We are about to enter a world that no longer exists, of a pope who was a king, of a king ashamed to share his capital with the pope who had excommunicated him, of nervous nobles, anticlericals bent on seizing the Vatican, would-be assassins, and suspicions of conspiracies everywhere. Some of its characters were eloquent, some playful, some sober, and some grim; some were witty and urbane, some abusive and inebriated. Some invoked the highest principles of Enlightenment morality, some the sacred principles of revealed truth. Still others seemed more intent on bellowing epithets as loudly as their voices would allow. The result was the mixture of contradictory traits that is the hallmark of modern Italy.

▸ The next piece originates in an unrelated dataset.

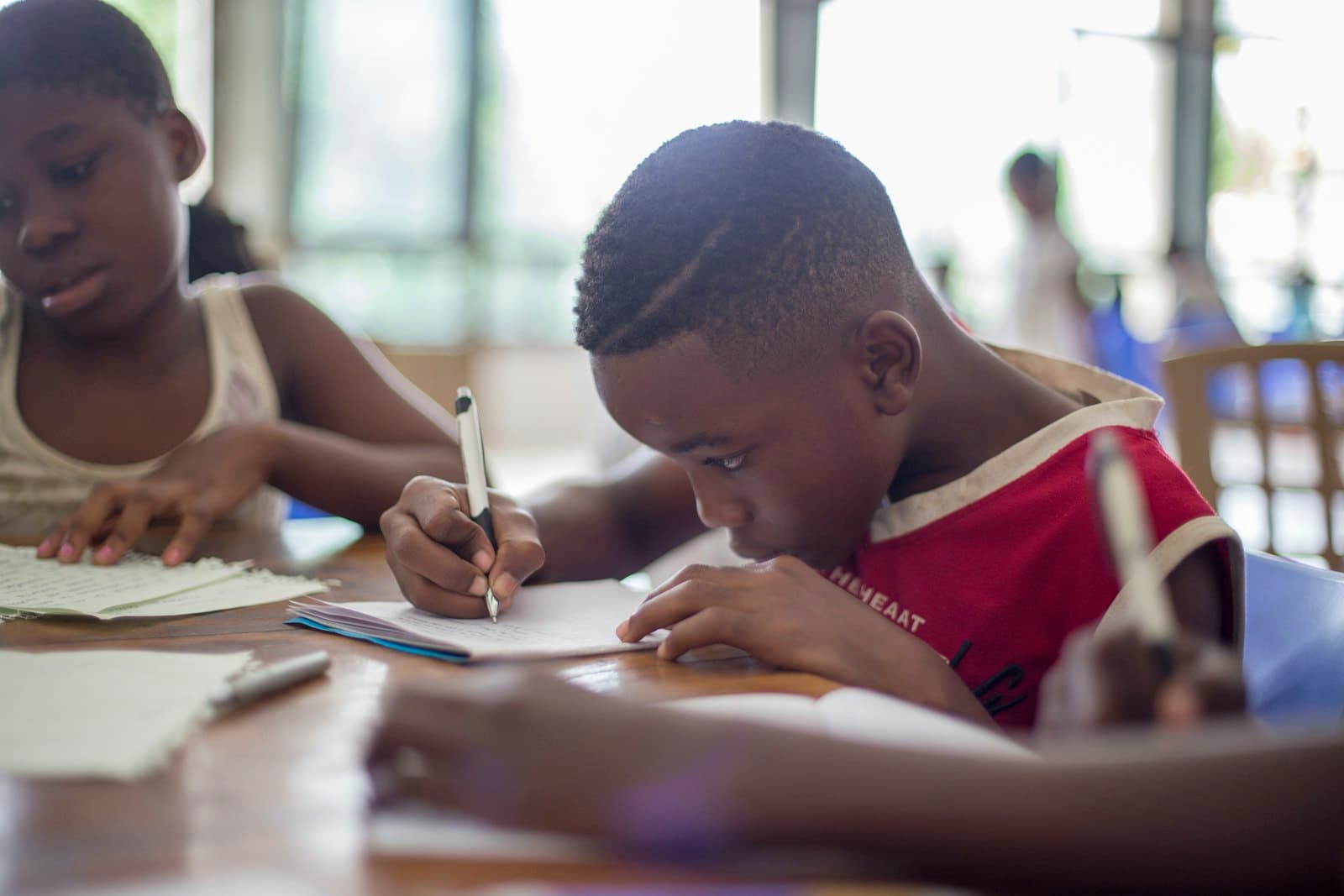 Two students concentrating as they write in their notebooks at a shared desk.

Many books deal with one aspect or another of this story, although most were written a century or more ago, when none of the Vatican archives for the period were available. Books that try to tell the whole story addressed in these pages, based on the original documents but written for a broad audience, are few indeed. None, so far as I know, are based on both the historical archives of the Vatican and the records of the Italian state. Curiously, in fact, most of the great Italian historians of national unification—reflecting their secular allegiances—felt uncomfortable even setting foot in the Vatican. To a considerable extent, this odd division of labor continues even today, with the historians of Italian unification—identified with the proponents of a secular Italy—generally avoiding research that would entail working in the Vatican archives, leaving it to Church historians, some of the most illustrious being priests themselves. Even among the latter, however, the great majority who have written on our topic lacked access to the Vatican's documents from the period following Leo XIII's ascendancy to the papacy in 1878, for most wrote before 1979, when these archives were first opened to researchers. It is, in part, the use of this rich trove of material that allows us here to shed new light on the battle waged by the pope and his Curia aimed at depriving the new Italian state of its capital.

Today, we all take for granted that the pope is forever on the move, traveling thousands of miles at a time to minister to his far-flung flock. How strange it is to be reminded that, for fifty-nine years after the taking of Rome, no pope would set foot outside the Vatican, no pope would even enter Rome's own churches nor escape Rome's summer heat by retreating to the papal villa in the nearby hills at Castel Gandolfo. To travel beyond the minuscule patch of land that remained under his control would mean acknowledging that the pope was no longer a prisoner of the Vatican. This, for almost six decades, no pope was willing to do.

1. Destroying the Papal States

P
IUS IX
had not always been such a bitter enemy of progress, of things modern. When he ascended to St. Peter's throne in 1846, among his first acts was the introduction of gas streetlights and railways to the Papal States, an implicit rebuke to his predecessor, Gregory XVI, who had viewed them as dangerous departures from the way God meant things to be. The new pope also won popular favor in these first months by freeing political prisoners and calling for the reform of the Papal States' notoriously corrupt and inefficient bureaucracy.

But, caught up in the intoxicating spirit of revolt that swept Europe with shocking speed in 1848, people soon wanted—no, demanded—more, much more. In April of that year, Pius rejected pleas that he support efforts to drive the Austrians out of the Italian peninsula. In November, amid increasing disorder, calls for a constitution, and demands for an end to the papal dictatorship, his prime minister was stabbed to death in the middle of Rome in broad daylight.

Fearing for his life and by then practically a prisoner in his Quirinal Palace in central Rome, the pope decided to escape. Dressed as a simple priest, his face partially concealed by tinted glasses, he furtively boarded the carriage of the Bavarian ambassador and, with his help, made his way south to the seaside fortress of Gaeta, north of Naples in the Kingdom of the Two Sicilies.